## GIVEN ENTRIES
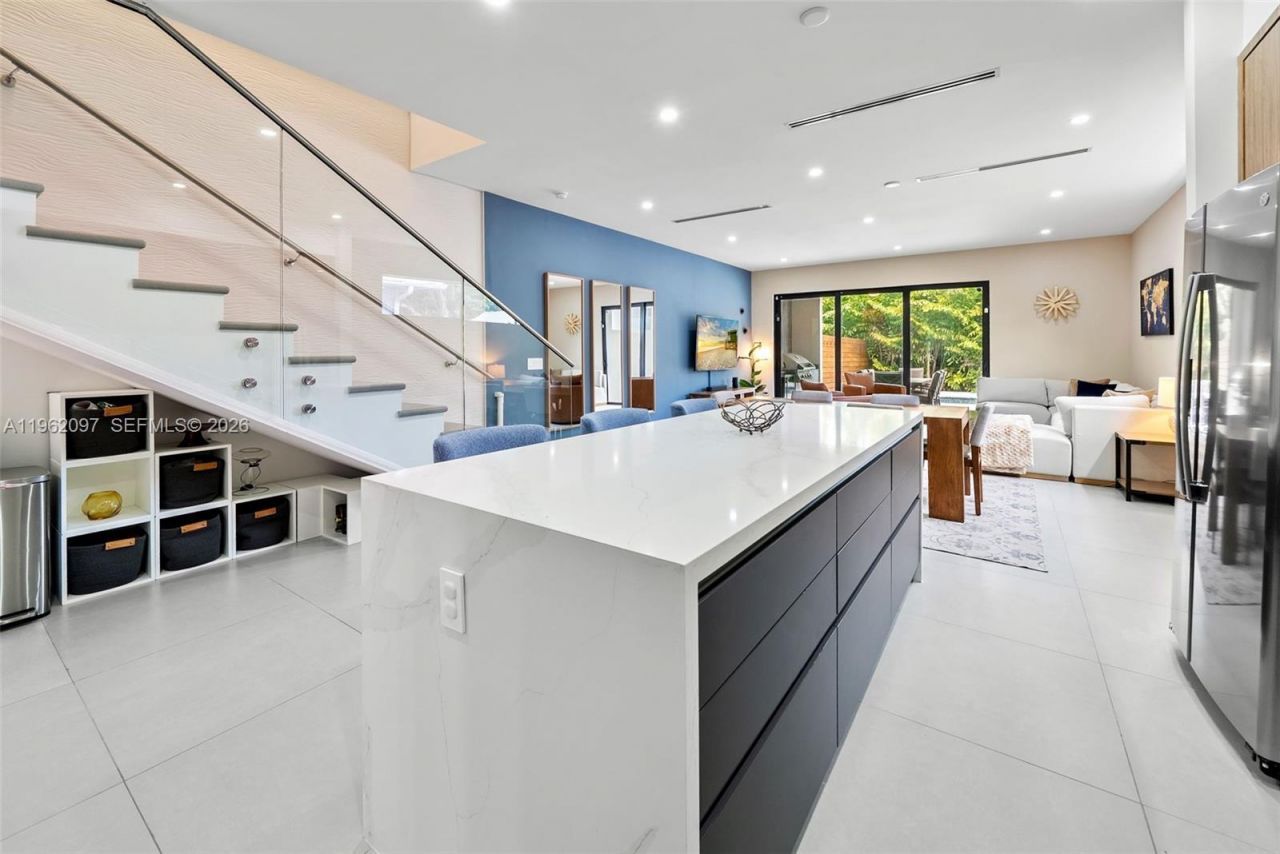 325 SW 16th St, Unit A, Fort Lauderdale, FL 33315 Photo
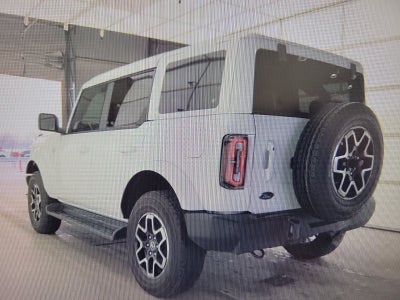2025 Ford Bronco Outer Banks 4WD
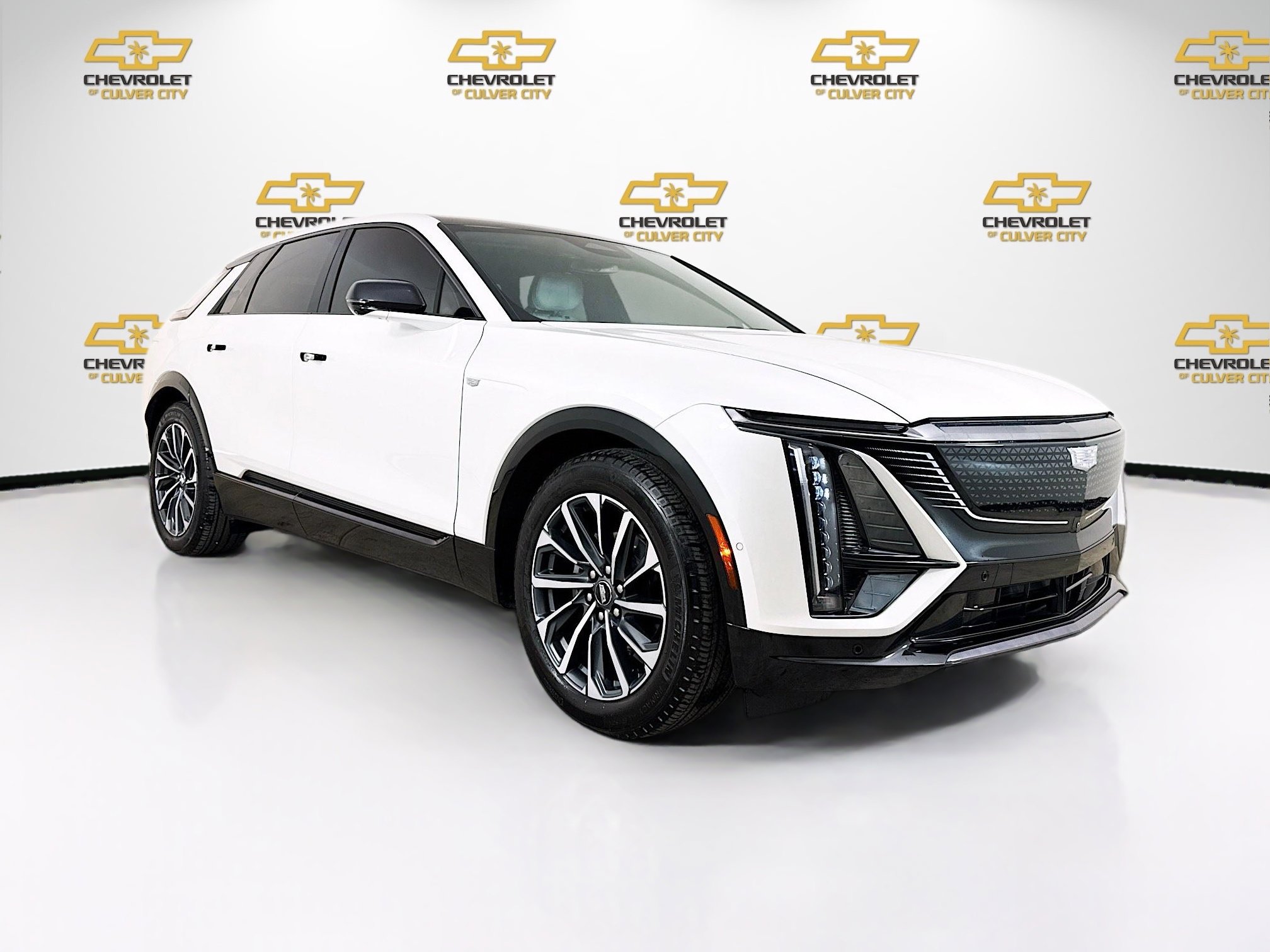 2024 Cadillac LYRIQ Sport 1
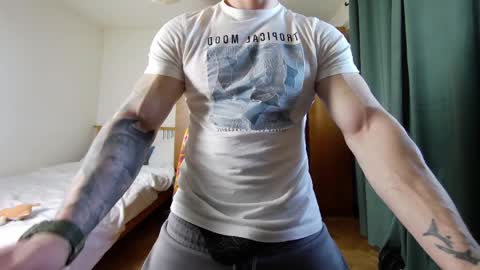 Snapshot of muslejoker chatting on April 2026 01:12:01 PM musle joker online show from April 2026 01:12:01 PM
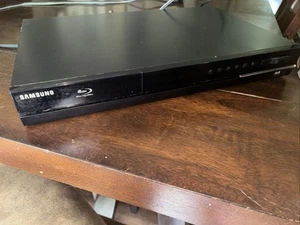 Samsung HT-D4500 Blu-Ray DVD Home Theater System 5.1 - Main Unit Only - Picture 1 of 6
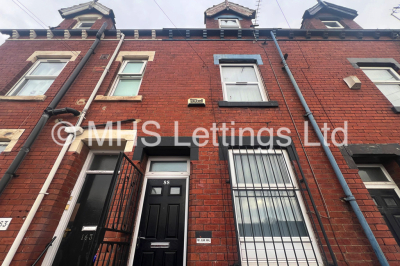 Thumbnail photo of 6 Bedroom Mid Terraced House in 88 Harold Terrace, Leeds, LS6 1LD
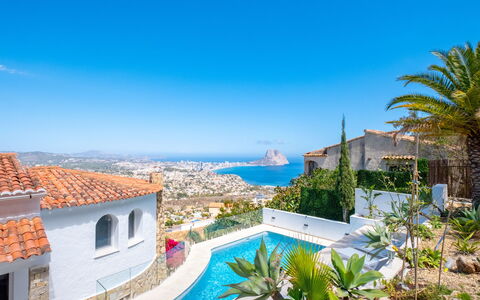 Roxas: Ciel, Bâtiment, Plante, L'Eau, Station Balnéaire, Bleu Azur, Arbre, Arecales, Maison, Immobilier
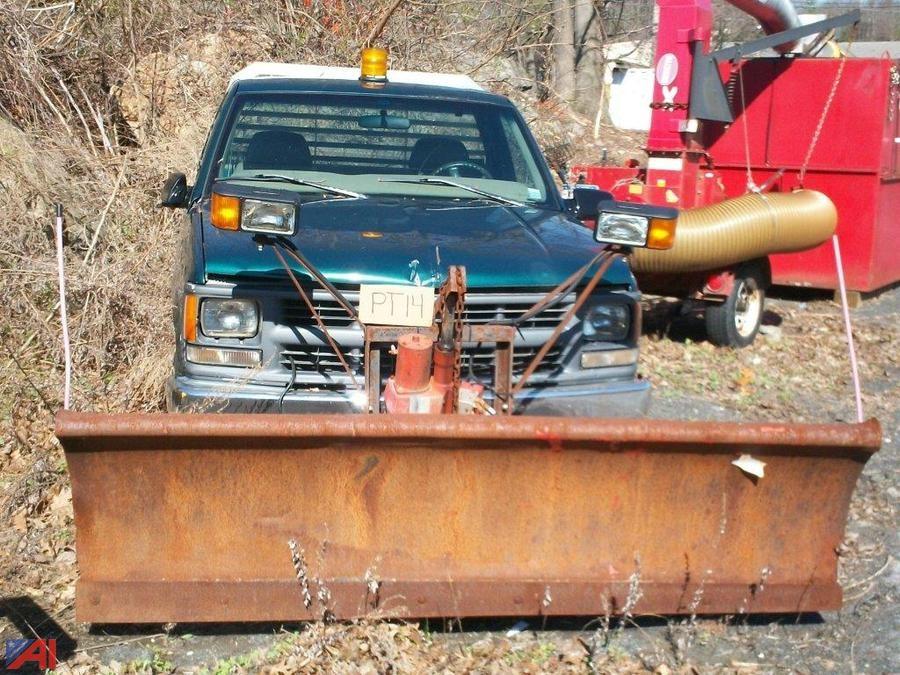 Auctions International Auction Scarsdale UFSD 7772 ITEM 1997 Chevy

## EXERCISE
Transcribe exactly the lines above, running from the one that contains "Thumbnail photo of" through the final line of the listing, and skip every picture.

## TASK RESPONSE
 Thumbnail photo of 6 Bedroom Mid Terraced House in 88 Harold Terrace, Leeds, LS6 1LD
 Roxas: Ciel, Bâtiment, Plante, L'Eau, Station Balnéaire, Bleu Azur, Arbre, Arecales, Maison, Immobilier
 Auctions International Auction Scarsdale UFSD 7772 ITEM 1997 Chevy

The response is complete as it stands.